Die Zahl der Flüchtlinge steigt dramatisch – auch in Hamburg. Wohnheime müssen errichtet und erweitert, soziale Belange berücksichtigt werden. Parallel hierzu wächst der Widerstand in Teilen der Bevölkerung. Nach einer Ermahnung der Vereinten Nationen an Deutschland, wird es auch in den Elbvororten Zeit nachzudenken über Toleranz, Rassismus im Alltag und Strategien für die nächsten Jahre.

Das Thema kann Hysterie erzeugen – beschränken wir uns daher zunächst auf Zahlen. Unstrittige Zahlen.

Sprechen wir in Hamburg über Flüchtlinge, dann geht es um 6.000 bis 7.000 Menschen pro Jahr, die vornehmlich aus Syrien kommen, aus der Balkanregion, Somalia, Russland und dem Irak. 2009 waren es nur 1.378 Menschen, was die enormen Steigerungsraten verdeutlicht. Hamburg nimmt pro Jahr 2,5 Prozent aller Menschen auf, die in ganz Deutschland als Asylsuchende gemeldet werden. Bleibt die Lage in den Herkunftsländern der Flüchtlinge desolat – und nichts deutet auf das Gegenteil hin –, dann erwächst hieraus eine Verantwortung für eine weit größere Zahl von Menschen.

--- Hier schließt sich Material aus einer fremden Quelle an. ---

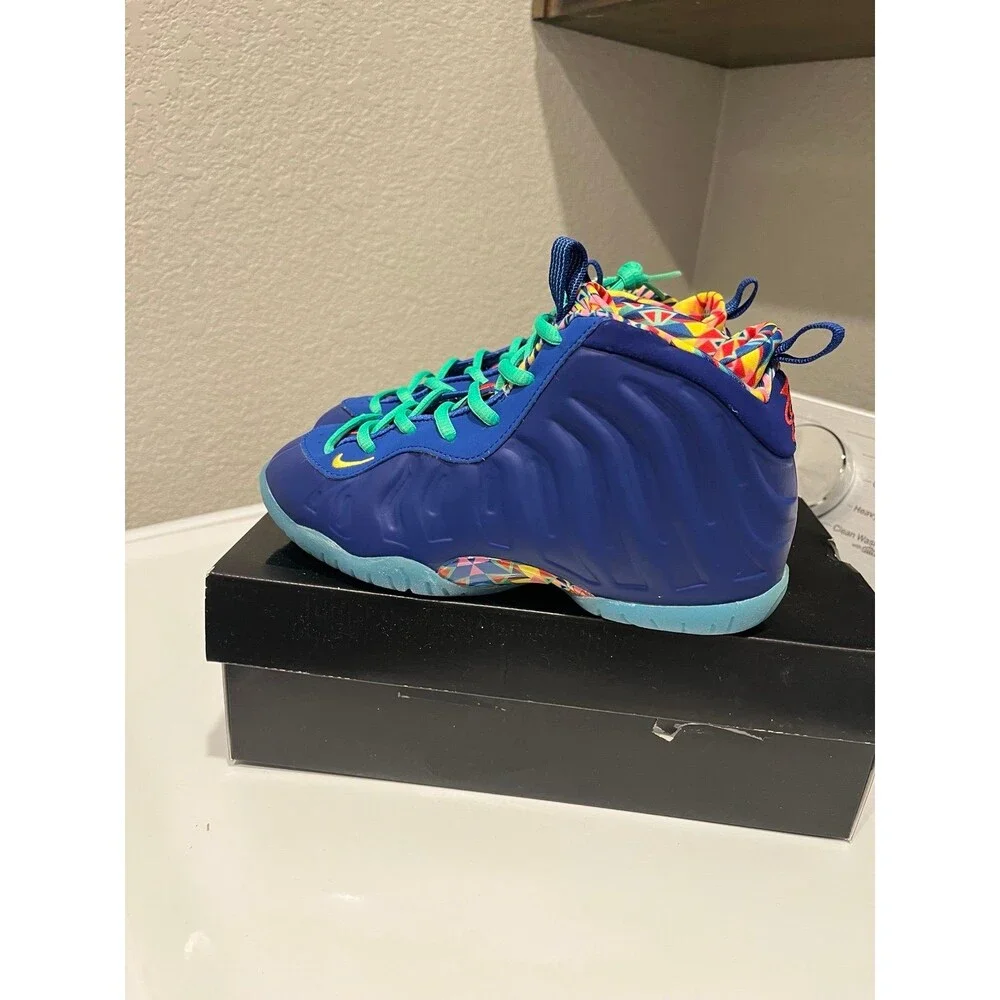 Nike Little Foamposite One ASW Deep Royal Blue Youth Size 2.5Y DZ5192-400 Shoes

Dementsprechend muss die Stadt reagieren. Im Bezirk Altona existieren derzeit Plätze für 2.960 Menschen. Die größten Standorte sind Sieversstücken in Sülldorf mit 300 Plätzen sowie die Wohnanlagen August-Kirch-Straße (288 Plätze), Kroonhorst (267) und Sibeliusstraße (232). Insgesamt acht Standorte beziehungsweise Erweiterungen bestehender Einrichtungen sind im Bezirk unmittelbar geplant. So wird die Wohnanlage Sieversstücken II noch 2015 weitere 288 Plätze für Flüchtlinge bieten.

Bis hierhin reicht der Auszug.